In this study, lung tissues from crocidurine shrews captured in Côte d'Ivoire were systematically analyzed for hantavirus RNA by reverse transcription polymerase chain reaction (RT-PCR). Undaunted by the vast genetic diversity of hantaviruses harbored by shrews, we resorted to a brute-force strategy of designing oligonucleotide primers based on regions of high sequence conservation. After exhaustive hit-and-miss attempts, a genetically distinct hantavirus, designated Azagny virus (AZGV), was detected in the West African pygmy shrew (Crocidura obscurior). Sequence and phylogenetic analyses of the S, M and L segments indicated that AZGV shared a common ancestry with TGNV and was evolutionarily distant from TPMV and MJNV, two crocidurine shrew-borne hantaviruses in Asia.

Methods

Trapping and specimen collection

Shrews were live caught, using pitfall traps, as well as Sherman traps (8 × 9 × 23 cm) (H.B. Sherman, Tallahassee, FL) and Longworth traps (14 × 6.5 × 8.5 cm) (Penlon Ltd., Oxford, UK). Pitfall traplines were set with drift fences using 1-m plastic sheeting or fine mesh cloth erected between short poles and running across plastic buckets that were 20-cm deep and buried flush with the soil surface. Up to 20 buckets were placed along 100- to 150-m long drift fences at 5- to 10-m intervals.
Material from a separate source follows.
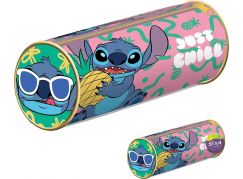 Penál Lilo a Stitch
Sherman and Longworth traps were set at intervals of 5 m during daylight hours of each day. Trapping was conducted over two to 10 consecutive days, at Azagny National Park, Lamto Natural Reserve and Dabou (Figure 1), during March, July, August, November and December 2009. Traplines and pitfalls were checked every morning and coordinates of each trapped animal were recorded by the global positioning system (GPS). Species, gender, weight, reproductive maturity and GPS coordinates of each captured shew were recorded. Lung tissues were collected in RNAlater® RNA Stabilization Reagent (Qiagen, Inc., Chatsworth, CA) and processed for RNA extraction, within 4 weeks of collection, for RT-PCR analysis. All experimental procedures on animals followed internationally recognized guidelines and were approved by the Ivorian National Park Office and the Muséum National d'Histoire Naturelle.

Figure 1
figure 1

West African pygmy shrew and geographic distribution. (A) Crocidura obscurior (West African pygmy shrew). (B) Map of Côte d'Ivoire, showing sites where crocidurine shrews were captured in 2009, particularly Azagny National Park, where a West African pygmy shrew harboring a newfound hantavirus was captured. The geographic range of the West African pygmy shrew extends along the coast of Côte d'Ivoire and neighboring Ghana, Guinea, Liberia and Sierra Leone (shaded area).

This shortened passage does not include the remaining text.